◆ **What this task involves**: Retype the listing found below exactly, but leave out each picture.

====== Data block

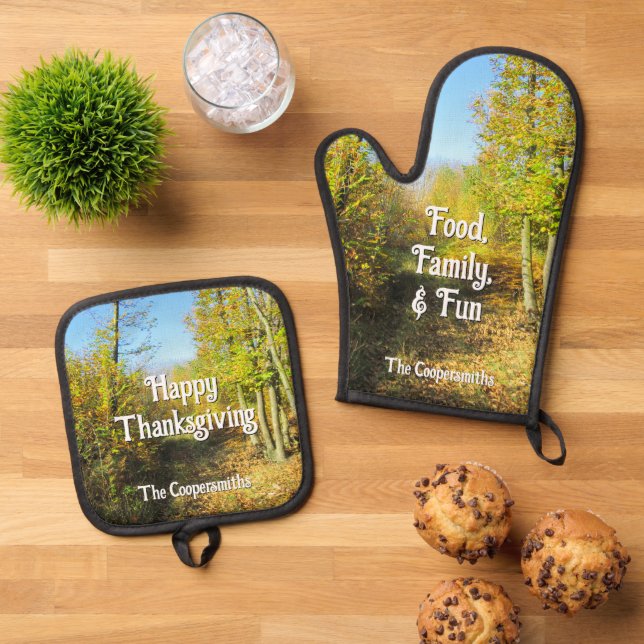 Sunlit Woods in Autumn - Personalized Oven Mitt & Pot Holder Set (Top Down)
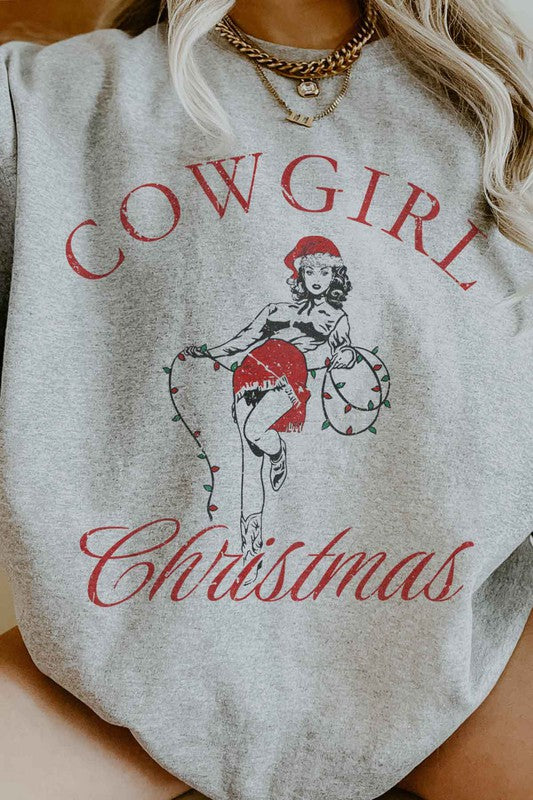 Cowgirl Christmas Oversized Sweatshirt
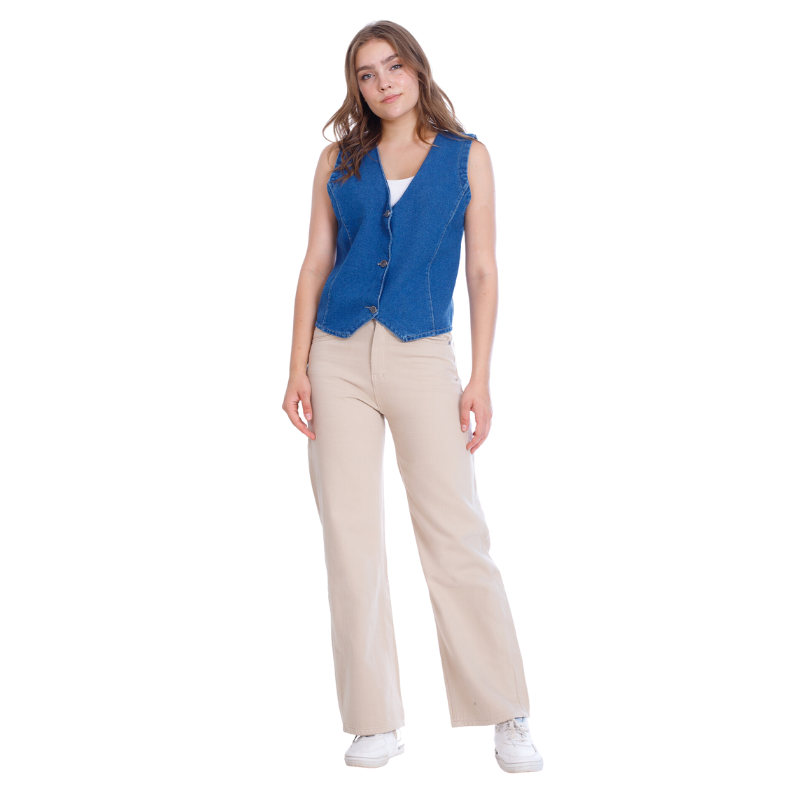 Jeans Vest Dark Blue With Buttons OJ-513A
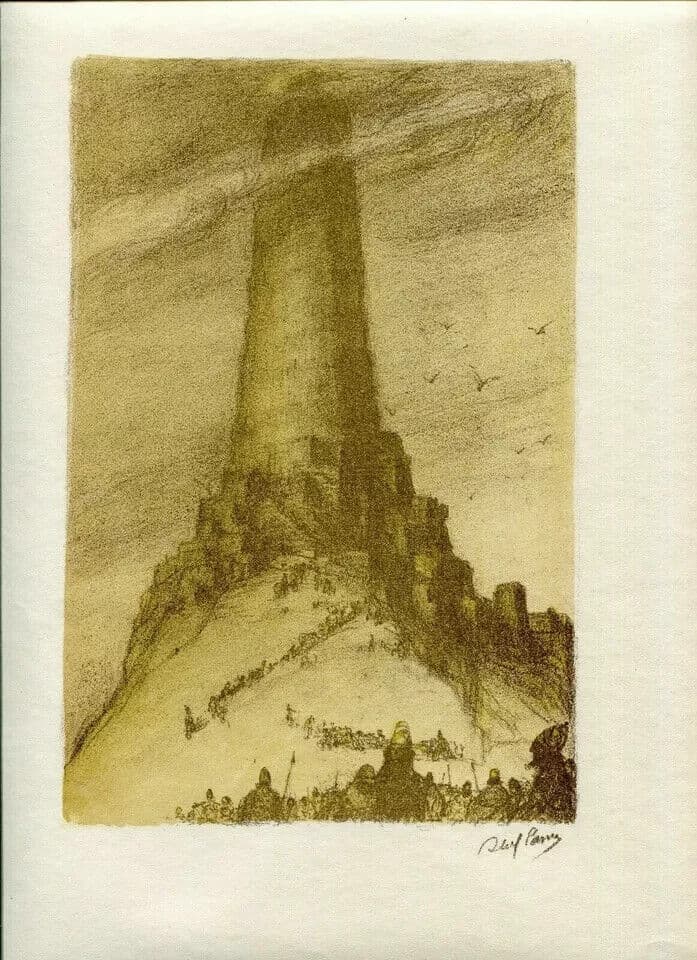 Vintage Lithography Abel Pfeffermann PANN (1883-1963) Bible, Tower of Babel image 3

============

◆ **Solution**:
 Sunlit Woods in Autumn - Personalized Oven Mitt & Pot Holder Set (Top Down)
 Cowgirl Christmas Oversized Sweatshirt
 Jeans Vest Dark Blue With Buttons OJ-513A
 Vintage Lithography Abel Pfeffermann PANN (1883-1963) Bible, Tower of Babel image 3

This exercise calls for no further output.